Stored dataset items
==========
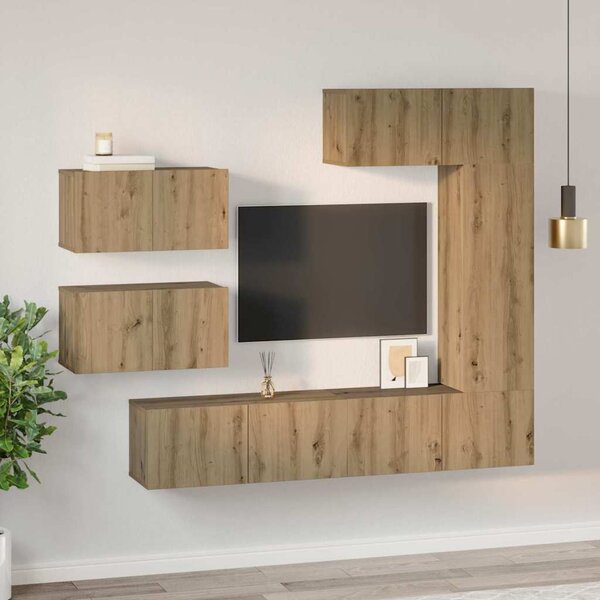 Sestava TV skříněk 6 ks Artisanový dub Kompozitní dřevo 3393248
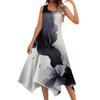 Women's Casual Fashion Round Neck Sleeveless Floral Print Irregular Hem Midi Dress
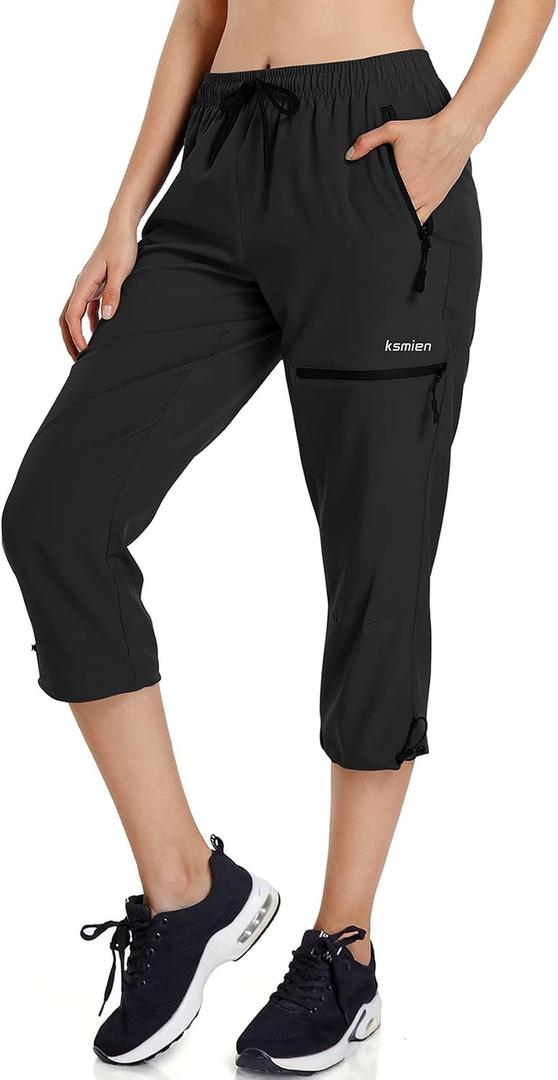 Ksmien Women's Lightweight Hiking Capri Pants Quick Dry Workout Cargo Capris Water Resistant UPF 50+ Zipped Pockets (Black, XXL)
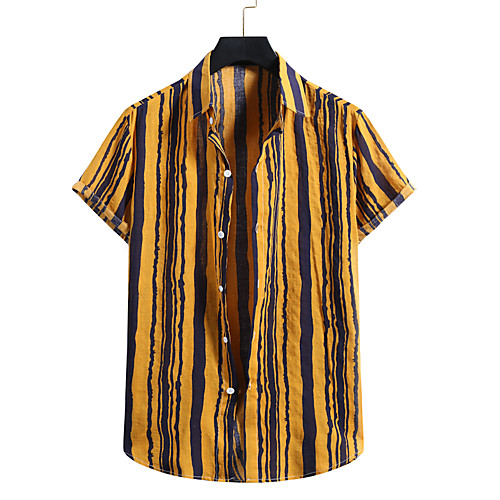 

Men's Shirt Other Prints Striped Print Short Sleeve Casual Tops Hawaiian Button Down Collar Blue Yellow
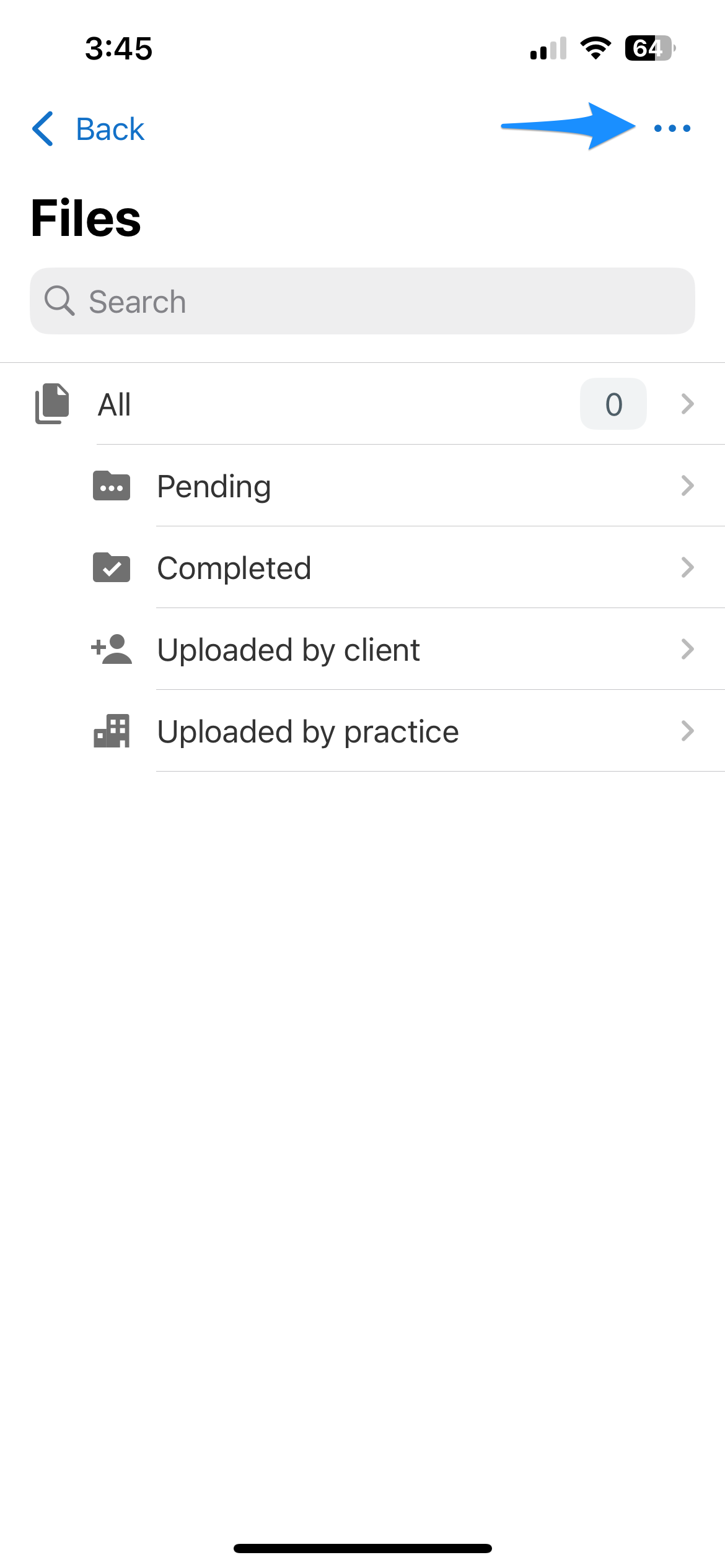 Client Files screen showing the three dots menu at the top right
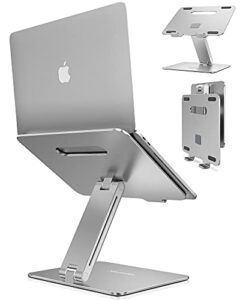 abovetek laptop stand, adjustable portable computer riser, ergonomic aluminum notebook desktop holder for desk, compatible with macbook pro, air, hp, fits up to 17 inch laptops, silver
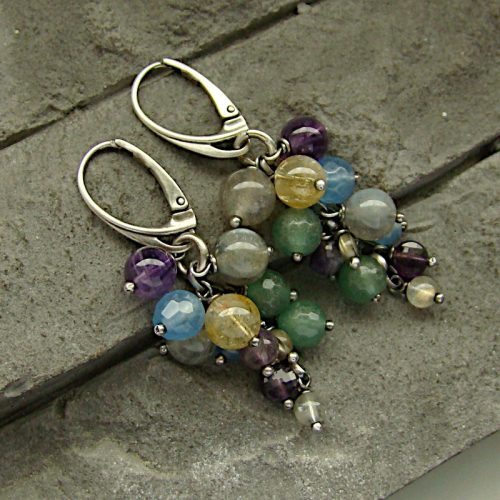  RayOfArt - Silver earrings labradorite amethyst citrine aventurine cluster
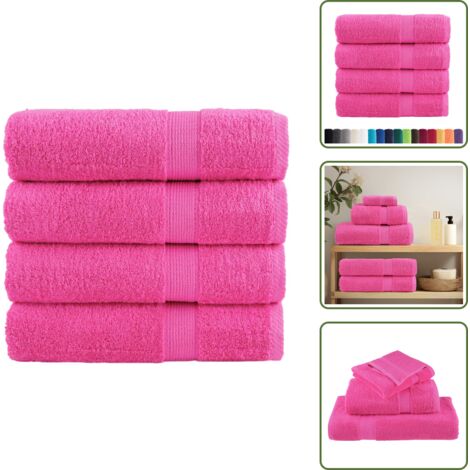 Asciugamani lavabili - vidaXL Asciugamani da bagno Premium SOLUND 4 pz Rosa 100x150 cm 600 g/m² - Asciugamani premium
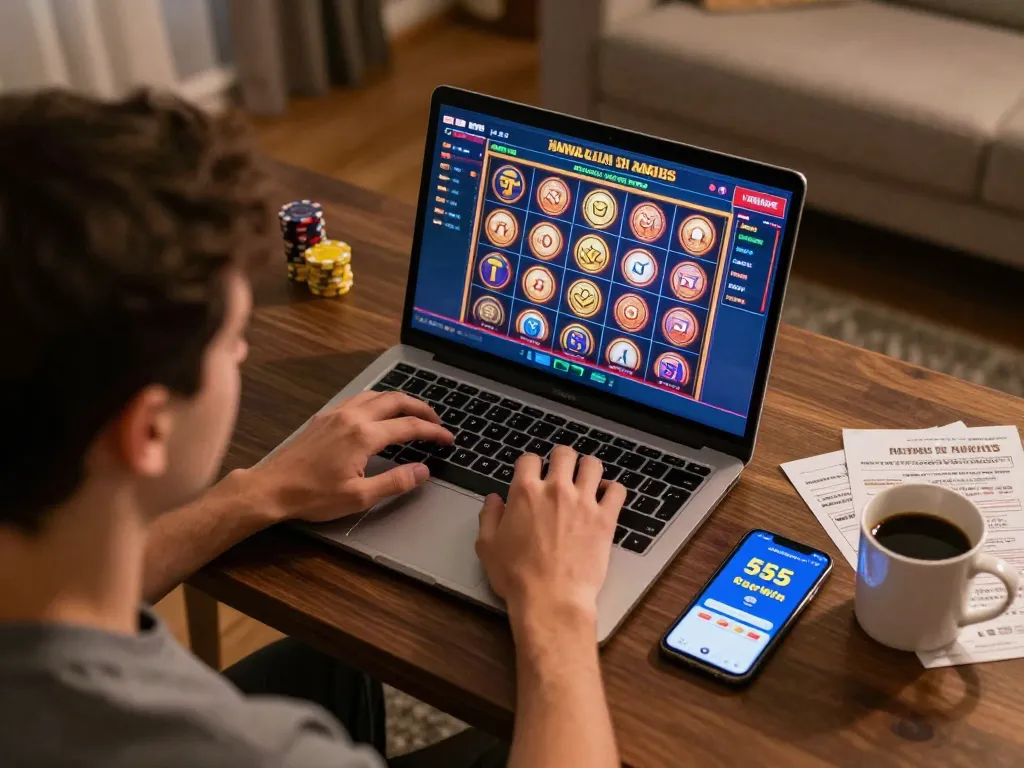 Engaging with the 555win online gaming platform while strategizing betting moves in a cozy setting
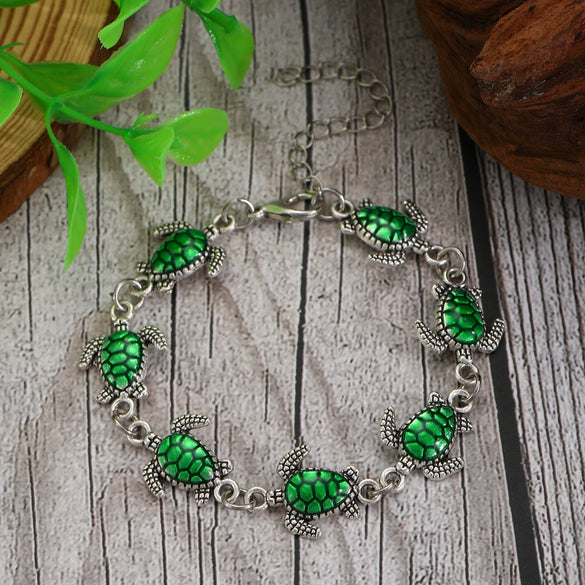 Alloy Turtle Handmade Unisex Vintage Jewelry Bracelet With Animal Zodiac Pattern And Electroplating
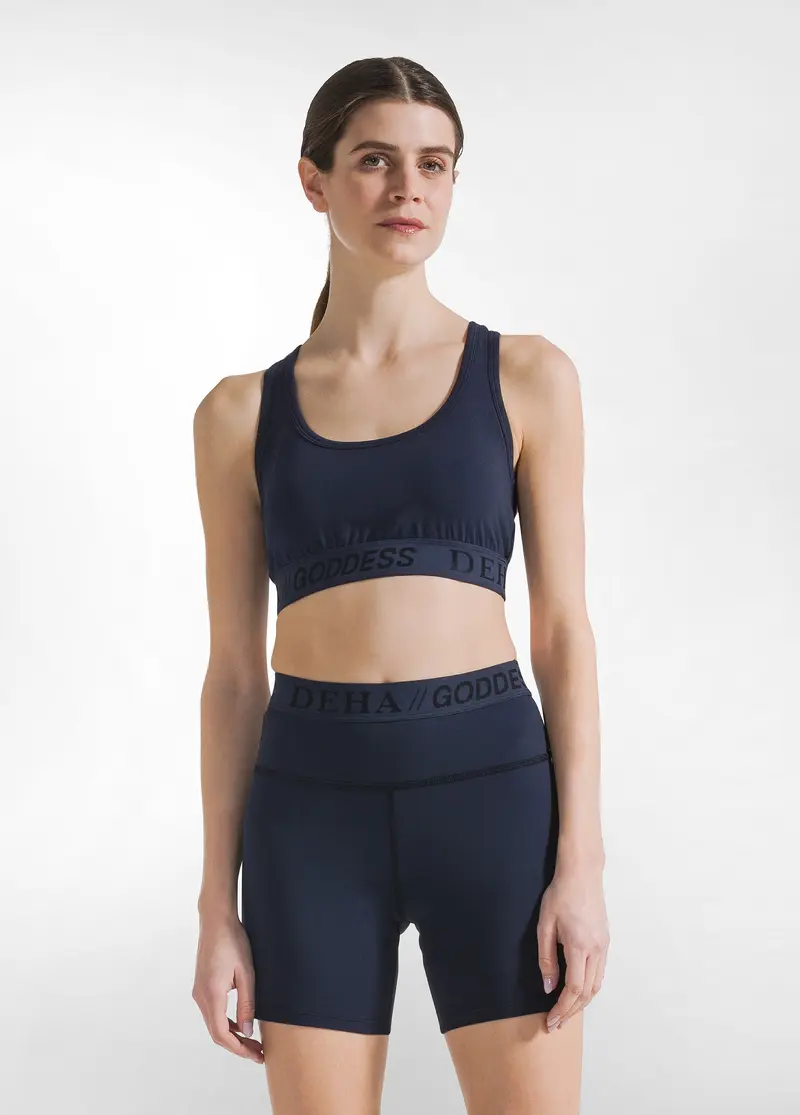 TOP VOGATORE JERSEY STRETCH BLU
==========
## [The problem]
Although the entries contain pictures, reproduce only the rest, exactly as written.

## [Your solution]
 Sestava TV skříněk 6 ks Artisanový dub Kompozitní dřevo 3393248
 Women's Casual Fashion Round Neck Sleeveless Floral Print Irregular Hem Midi Dress
 Ksmien Women's Lightweight Hiking Capri Pants Quick Dry Workout Cargo Capris Water Resistant UPF 50+ Zipped Pockets (Black, XXL)

Men's Shirt Other Prints Striped Print Short Sleeve Casual Tops Hawaiian Button Down Collar Blue Yellow
 Client Files screen showing the three dots menu at the top right
 abovetek laptop stand, adjustable portable computer riser, ergonomic aluminum notebook desktop holder for desk, compatible with macbook pro, air, hp, fits up to 17 inch laptops, silver
  RayOfArt - Silver earrings labradorite amethyst citrine aventurine cluster
 Asciugamani lavabili - vidaXL Asciugamani da bagno Premium SOLUND 4 pz Rosa 100x150 cm 600 g/m² - Asciugamani premium
 Engaging with the 555win online gaming platform while strategizing betting moves in a cozy setting
 Alloy Turtle Handmade Unisex Vintage Jewelry Bracelet With Animal Zodiac Pattern And Electroplating
 TOP VOGATORE JERSEY STRETCH BLU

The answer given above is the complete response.